But gradually the outrage of the organized crime has ceased to be the decisive factor of business conduct, and the typical structure of ownership of assets has started to change as well. The more civilized market started feeling the need for more transparency. It turned to be necessary also for engagement of funding and for flattering vanity of the owners.
Decades of offshore companies
Together with the Western banks and oil companies (and with their money) the Russian economy welcomed the universal international schemes. The first decade of XXI century the most widespread has become the ownership structure when the assets are owned by Russian companies. And such Russian companies, in their turn, are owned by the firms from numerous jurisdictions, first and foremost from Cyprus, which has become very popular among our business men. In many such jurisdictions the services of nominal directors were totally lawful and were provided together with the company address. This is why such structure really met the interests of the Russian business as regards to hiding the names of the real owners of the assets. The law of these jurisdictions contained a requirement regarding the disclosure of the ultimate beneficiary of the company. However, the company was required to provide only the declaration about the real beneficiary, which was never verified.

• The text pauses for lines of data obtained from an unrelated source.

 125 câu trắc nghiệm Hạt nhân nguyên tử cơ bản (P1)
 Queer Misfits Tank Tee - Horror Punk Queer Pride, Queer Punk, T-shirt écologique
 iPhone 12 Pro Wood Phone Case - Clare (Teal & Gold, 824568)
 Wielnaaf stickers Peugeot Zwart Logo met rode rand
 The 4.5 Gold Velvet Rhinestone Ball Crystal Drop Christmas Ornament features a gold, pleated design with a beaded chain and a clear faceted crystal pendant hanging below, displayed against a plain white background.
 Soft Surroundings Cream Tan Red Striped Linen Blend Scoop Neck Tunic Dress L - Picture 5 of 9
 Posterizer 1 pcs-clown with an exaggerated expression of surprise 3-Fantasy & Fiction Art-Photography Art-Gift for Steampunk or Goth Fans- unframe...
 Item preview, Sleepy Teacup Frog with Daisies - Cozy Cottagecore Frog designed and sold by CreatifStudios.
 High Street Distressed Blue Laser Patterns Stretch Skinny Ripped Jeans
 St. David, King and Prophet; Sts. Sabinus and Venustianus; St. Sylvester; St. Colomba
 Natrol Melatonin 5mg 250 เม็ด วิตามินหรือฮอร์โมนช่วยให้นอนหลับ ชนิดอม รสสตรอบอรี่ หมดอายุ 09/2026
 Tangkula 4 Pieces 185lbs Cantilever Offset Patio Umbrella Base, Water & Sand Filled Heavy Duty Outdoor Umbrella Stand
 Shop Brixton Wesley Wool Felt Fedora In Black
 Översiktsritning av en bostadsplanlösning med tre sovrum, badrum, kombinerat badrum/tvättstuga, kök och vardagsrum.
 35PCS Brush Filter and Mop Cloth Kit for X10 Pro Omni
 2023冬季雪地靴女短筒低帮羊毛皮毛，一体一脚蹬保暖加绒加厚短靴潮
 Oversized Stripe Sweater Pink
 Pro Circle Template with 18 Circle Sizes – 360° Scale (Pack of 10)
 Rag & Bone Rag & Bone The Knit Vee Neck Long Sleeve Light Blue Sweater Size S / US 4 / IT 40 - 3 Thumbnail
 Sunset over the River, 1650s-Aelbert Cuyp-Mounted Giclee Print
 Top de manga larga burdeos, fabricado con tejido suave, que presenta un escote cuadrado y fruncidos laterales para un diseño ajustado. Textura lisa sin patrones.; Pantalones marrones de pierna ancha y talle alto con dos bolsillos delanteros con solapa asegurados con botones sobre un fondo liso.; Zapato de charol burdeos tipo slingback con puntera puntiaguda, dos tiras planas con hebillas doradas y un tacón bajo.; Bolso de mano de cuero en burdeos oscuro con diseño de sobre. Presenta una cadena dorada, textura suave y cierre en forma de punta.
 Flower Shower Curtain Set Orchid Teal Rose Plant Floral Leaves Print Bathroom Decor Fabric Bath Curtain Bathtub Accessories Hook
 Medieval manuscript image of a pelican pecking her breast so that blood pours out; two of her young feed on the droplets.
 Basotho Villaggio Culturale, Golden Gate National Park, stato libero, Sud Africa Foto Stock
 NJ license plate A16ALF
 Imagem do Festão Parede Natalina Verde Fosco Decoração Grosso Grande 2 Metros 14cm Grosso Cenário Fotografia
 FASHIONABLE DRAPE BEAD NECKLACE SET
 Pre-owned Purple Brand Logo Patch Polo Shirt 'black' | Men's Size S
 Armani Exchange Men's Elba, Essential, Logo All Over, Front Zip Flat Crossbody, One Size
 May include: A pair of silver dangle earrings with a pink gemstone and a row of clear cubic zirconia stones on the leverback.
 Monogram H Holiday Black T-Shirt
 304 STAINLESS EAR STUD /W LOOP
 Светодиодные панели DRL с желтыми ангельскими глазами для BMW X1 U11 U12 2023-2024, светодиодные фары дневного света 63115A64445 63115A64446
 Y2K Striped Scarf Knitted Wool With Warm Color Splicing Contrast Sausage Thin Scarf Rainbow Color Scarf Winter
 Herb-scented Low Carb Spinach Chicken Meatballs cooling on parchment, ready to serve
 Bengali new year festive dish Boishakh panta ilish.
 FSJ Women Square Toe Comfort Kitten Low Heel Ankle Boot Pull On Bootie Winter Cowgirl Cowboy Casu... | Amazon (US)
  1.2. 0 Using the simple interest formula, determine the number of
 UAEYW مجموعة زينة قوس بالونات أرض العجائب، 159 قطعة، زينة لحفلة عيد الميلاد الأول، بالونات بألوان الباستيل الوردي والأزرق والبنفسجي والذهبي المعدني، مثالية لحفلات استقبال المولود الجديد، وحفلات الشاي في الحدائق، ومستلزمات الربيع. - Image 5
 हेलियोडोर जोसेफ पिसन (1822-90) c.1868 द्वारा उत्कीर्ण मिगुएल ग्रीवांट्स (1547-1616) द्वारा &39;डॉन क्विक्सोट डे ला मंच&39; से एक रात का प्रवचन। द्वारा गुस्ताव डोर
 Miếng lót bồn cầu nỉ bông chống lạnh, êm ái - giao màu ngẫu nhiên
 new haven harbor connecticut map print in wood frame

The offshore jurisdictions were widely used not only by the Russian business. If the latter was interested in the matters of confidentiality, the western companies were looking, first and foremost, the tax optimization. The growing popularity of the offshores did them no good – under the pressure of the economically developed countries the major part of offshore jurisdictions were forced to considerably tighten their corporate regime. In addition, such popular in our country Cyprus had to bring its laws in conformance with the legislation of the European Union when it became the new EU member. At the same time, it has become more difficult for the SPV companies (which do not carry out their own independent activities) to perform banking settlements, which made the use of the foreign companies even less attractive.
Modern age
It cannot be said that the former schemes of hiding assets have vanished from the modern circulation – they have been just supplemented by new schemes. Today the lawful business companies have no reasons to hide their assets and the process of engagement of loans and investments requires great openness. However, for “not-very-lawful” businesses, as well as for certain state officials, keeping the fact of ownership of their property secret, remains the burning issue.
It needs to be understood that the situation as it is, when a legal person owns certain property, and in the reality all the title powers are performed by a certain individual person, is totally within the boundaries of the norm. In the end, any legal person is not more than just a formality which is created for the purposes of convenience of the circulation, and any company has the beneficiaries – individual persons. This is why possession of the assets for a company, to a certain extent, is always of a nominal nature and there is nothing bad or unlawful in this.
At the same time the use of services of nominal individual persons as the participants/shareholders is continuing to be popular. Any commercial organization built according to the principle of corporate participation of the owners, as well as the fact of the participation in our country is always known to the tax authority or to the registrar. This is why the simplest solution for concealing the real owners of the company is the use of a fictitious member-shareholder who has informal arrangements with the real beneficiaries. This most primitive scheme is still popular today so far forth as the tax service had to introduce a special register of individual persons holding membership in several limited liability companies (the tax authorities have no access to the data about shareholders). Such method is simultaneously the cheapest one as soon as the expenditures are limited by the remuneration of the “fake” director, and the simplest one, as soon as requires no special knowledge. This makes it accessible for the business of any scale. The main disadvantage of the scheme is the absence of any legal protection of interests of the real beneficiary, in principle.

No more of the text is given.